Aug 3, 2007

It was written by Pal Waaktaar you know, and not the good looking one

Super_Collider's Message Coming EP

One of July's most significant electronic releases was Chromeo's Fancy Footwork, their follow-up to 2004's She's In Control.

She's In Control passed me by, like a fart in a strong breeze, but this new album hit me square in the face like a juggernaut full of crap, and the juggernaught itself is made of crap too, just like the whole metaphorical street scene which is made entirely of crap.

If I wanted uber-cool 80s electro funkdaddy disco, I would screw my eyes up like that Japanese guy in Heroes and transport myself to a multi-coloured disco floor full of bad mofos robodancing to the break-down bit of A-Ha's The Sun Always Shines On TV.

Please forget that last paragraph; I never said it.

If faux-retro Prince-wannabe lifeless post-Mika pap is not your bag, then let's move on to look at Night Of The Brain's debut album Wear This World Out.

This leftfield rock album earns its place on an electronica blog because it's the brainchild (geddit?!?!) of Cristian Vogel from Super_Collider (Messagesacomin artwork pictured).
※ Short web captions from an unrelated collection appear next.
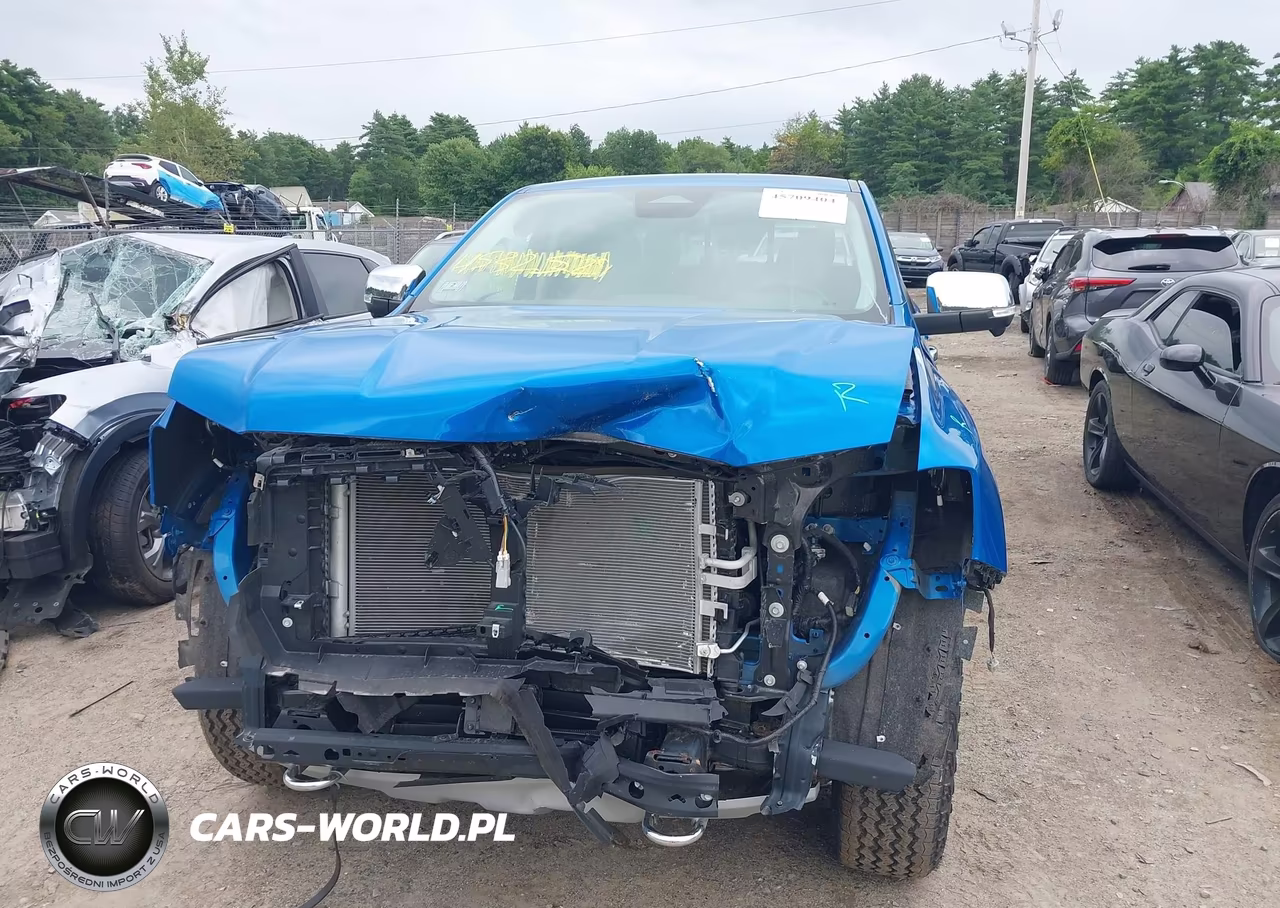 2024 Ford Ranger Lariat VIN:1FTER4KPXRLE69136 - 6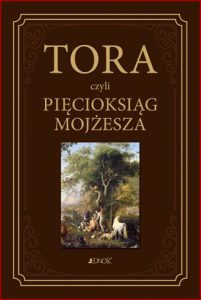 TORA czyli Pięcioksiąg Mojżesza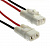 Разъем DJ7021-2-21 (18AWG 300mm)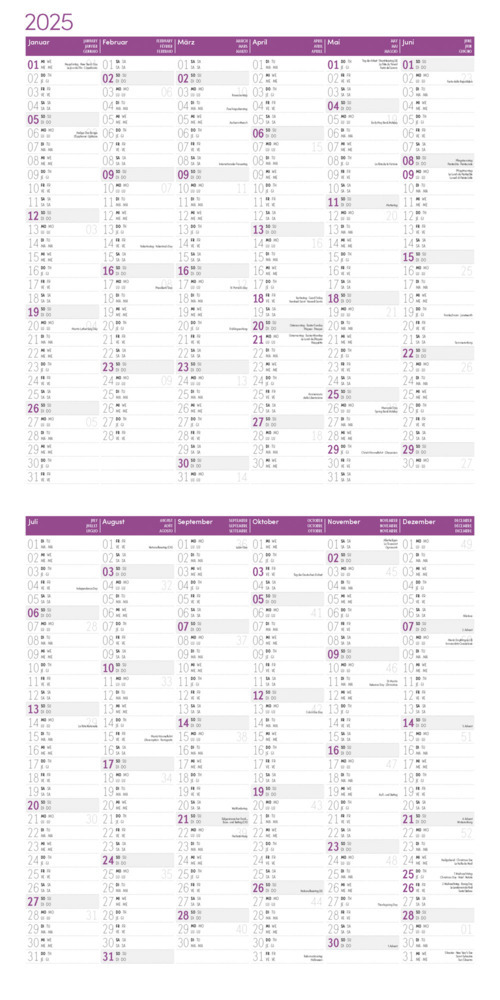 Bild: 9783838445076 | Naturwunder Deutschland Kalender 2025 - 30x30 | Ackermann Kunstverlag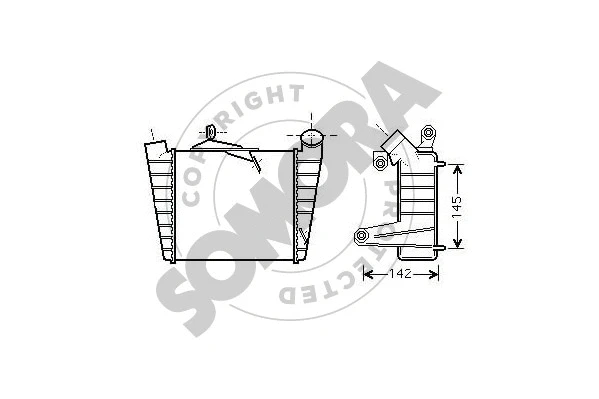 Charge Air Cooler (290445)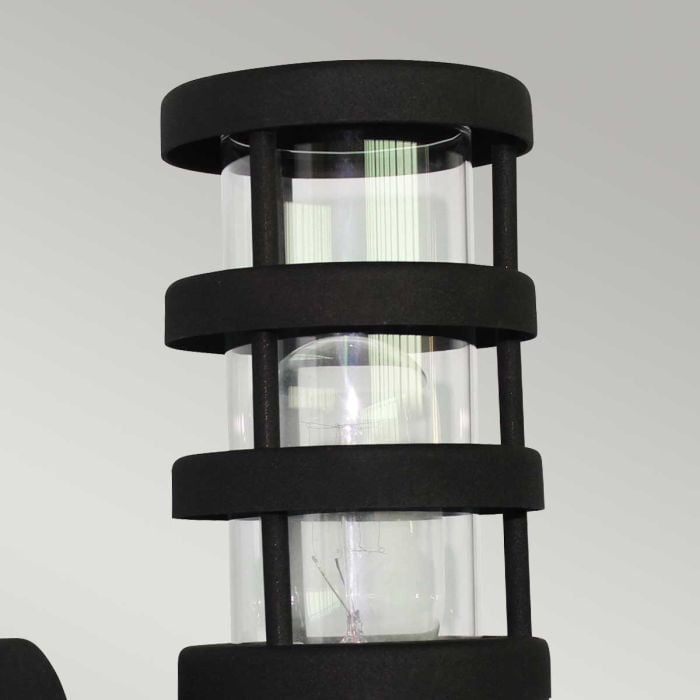 Elstead Lighting Hornbaek 1 Light Wall Lantern - Black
The Theme, puked out as an EP a few months ago, owes a debt to tight post-rock, but much of the rest of Wear This World Out is Pixies-style noisiness with brave side-steps into odd neighbourhoods, such as the disco guitar in Dark Lady.

Vogel's weedy vocals, in strength and drug effect, make this record all-the-more likable.

While I'm doing a bit of catch up, it's worth a skip and a hop back to May's releases and my mobile phone alarm, which is Apparat's Not A Number.

Every morning the drip-drop insistence of that track shoe-horns me into the real world. It's a shame then that Walls, the album it's from, is liable to send you back to the Land Of Nod faster than you can say "quick let's fill this blog with antiquated literature references".

Walls is a hugely listenable album. My ears have even sent me a thank-you card. But it works as backing music for movies, not as a huge artistic statement.